Garden: Pick right flowers to deal with heat, drought

Nancy Szerlag
Special to The Detroit News

If heat and drought are playing havoc with your flower garden, here are some bulletproof flowers to add some sparkle.

A great little annual that pumps out color throughout the growing season yet takes very little effort is Angelonia. Rising to a height of 12 to 14 inches, a single plant produces multiple spires covered with small blossoms that are said to look like snapdragons, hence the common name, summer snapdragon. Personally, I think they look more like tiny orchids.

Available in purple, white or pink, these pretties look good in containers and window boxes, as well as flowerbeds, and they also are great for cutting.

As a testament to their toughness, ‘Serenita’ Pink Angelonia is an All American Selections winner for bedding plantings: http://all-americaselections.org/

Proven Winners variety ‘Angelface’ Angelonia is taller, rising from 18 to 24 inches.

Another annual that’s garnered raves in my display garden is the Proven Winners ‘Dark Blue’ Verbena, which is covered with bright-colored 4.5-inch clusters of flowers through out the season.

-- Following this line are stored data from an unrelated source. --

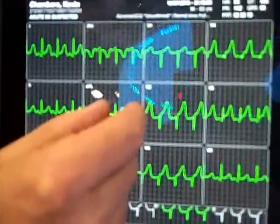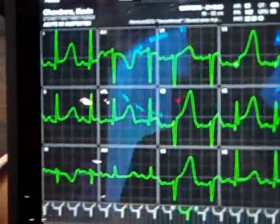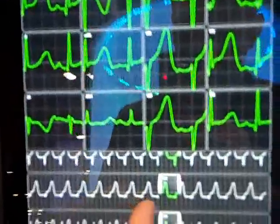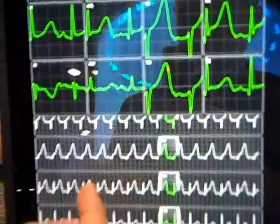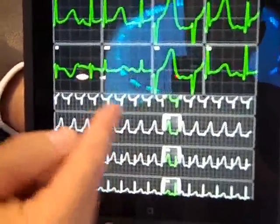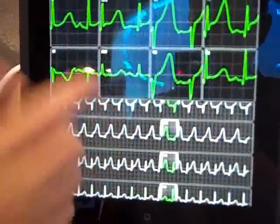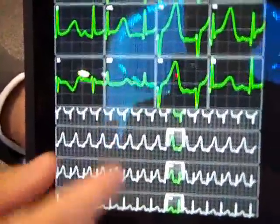You'll notice that as I pinch and zoom, it maintains aspect ratios at all points in time, so I know where I am. This is all FDA cleared.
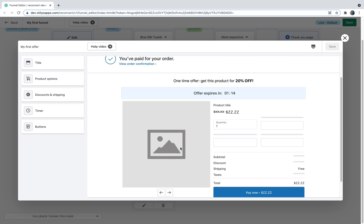You now know everything you need to know about the ReConvert post-purchase offer editor. If you have any questions, comment them in the comment section below or reach out to our live chat support at the bottom right corner of the screen — we're available 24/7. Thank you for watching and good luck with ReConvert.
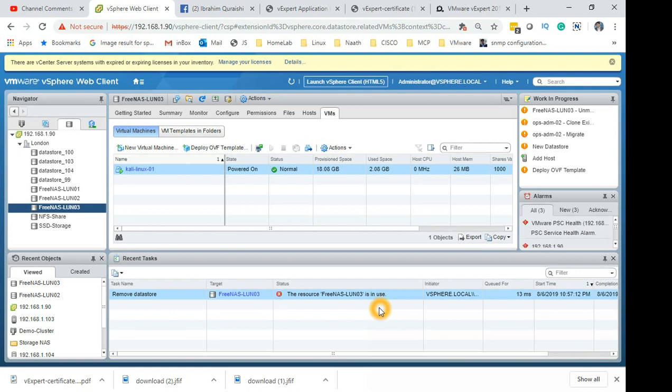If this VM was powered off, then you could have potentially deleted this LUN, which would be a different scenario altogether. And if it was an important VM for you, then you would have to go back to your backup team to recover it.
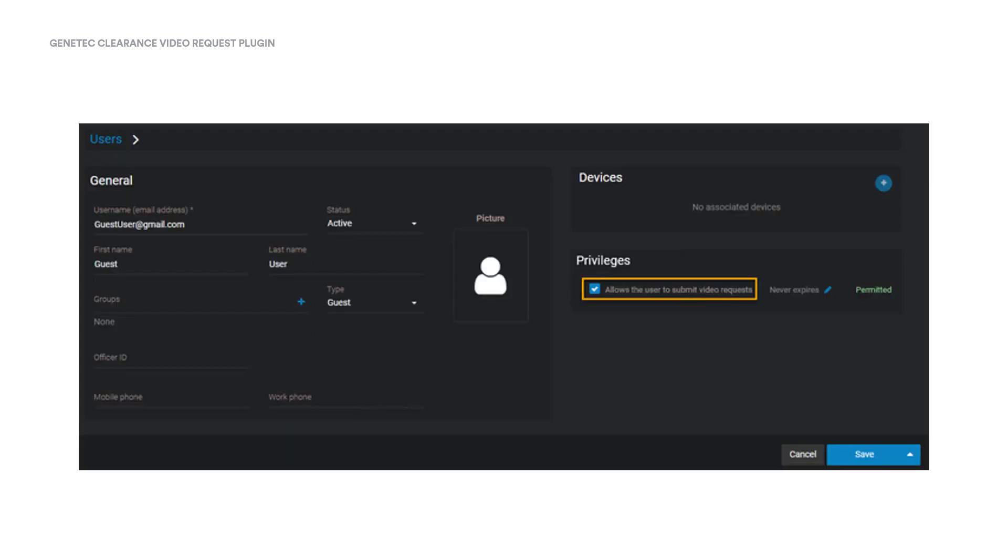For users who have access to the Configurations page, we can also invite guests from the user's account. With the user selected, look for the Privileges section, and we can put a checkbox in the Allow User to Submit Video Request Privilege. We can also set an expiration date for this privilege by clicking on the Edit button. Click Save, and this guest user will now be able to make video requests.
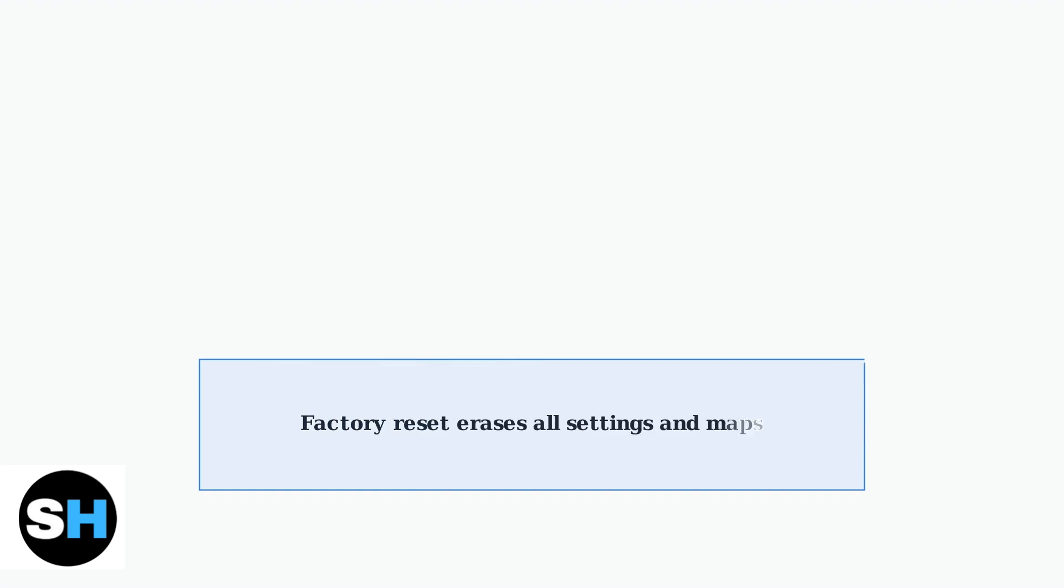Remember, factory resetting will erase all your robot settings including mapped areas and cleaning preferences. Choose the reset method that works best for your specific D-Bot model, then use the app to reconnect and reconfigure your robot.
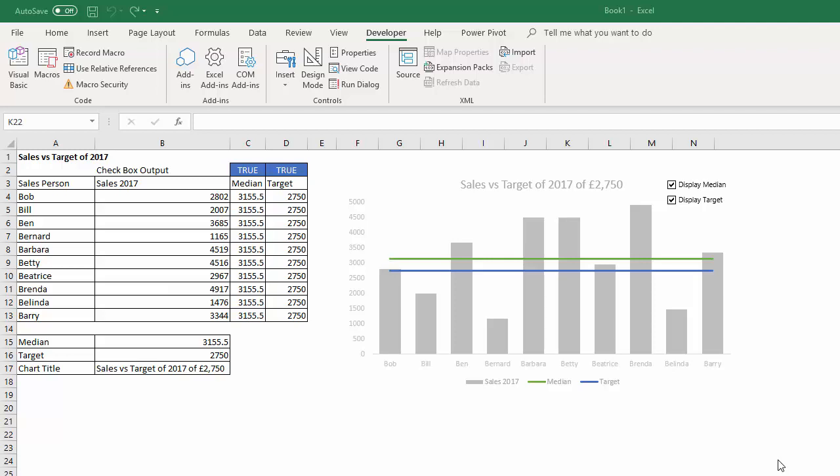Hi, it's Chester Tugwell at Blue Pecan Computer Training. In this video I want to show you how to use checkboxes on your charts to show or hide series.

This ground cover type plant can be used as a stunning spiller in a container as well as a bedder in the garden.

Another favorite heat lover of mine is the old-fashioned Verbena bonarienses, and this year we included Proven Winners new hybrid ‘Meteor Showers’ Lilac. At 20 to 30 inches, it’s more compact and floriferous than its ancestor.

Those colorful leafed sweet potatoes are all the rage for container gardens, but what gardeners don’t know is they are also great for use in garden beds. A hedge of lime, chocolate or black can make a dramatic background for taller growers such as bronze leafed cannas or giant dinner plate dahlias. The ‘Solar Power’ Ipomoea in lime or black was bred for compact growth (12” in height and up to 36” in width), so as not to overgrow their space. But the more common and often unnamed varieties also work well. A quick snip, snip with hedge shears will keep them under control. Lay off on the fertilizer and you will have less control issues.

New to me this year is the single interspecific Dianthus ‘Jolt.’ Tall and handsome would be the way I’d describe it. A single plant will climb to 16 to 20 inches in height and spread 12 to 14 inches across, sporting hardball sized clusters of bright pink single blossoms. ‘Jolt,’ another All American Selections Winner, is said to be another heat lover and this summer is perfect for testing it.

Nancy Szerlag is a master gardener and Metro Detroit freelance writer. Her column appears Fridays in Homestyle. To ask her a question go to Yardener.com and click on Ask Nancy. You can also read her previous columns at detroitnewscom/homestyle.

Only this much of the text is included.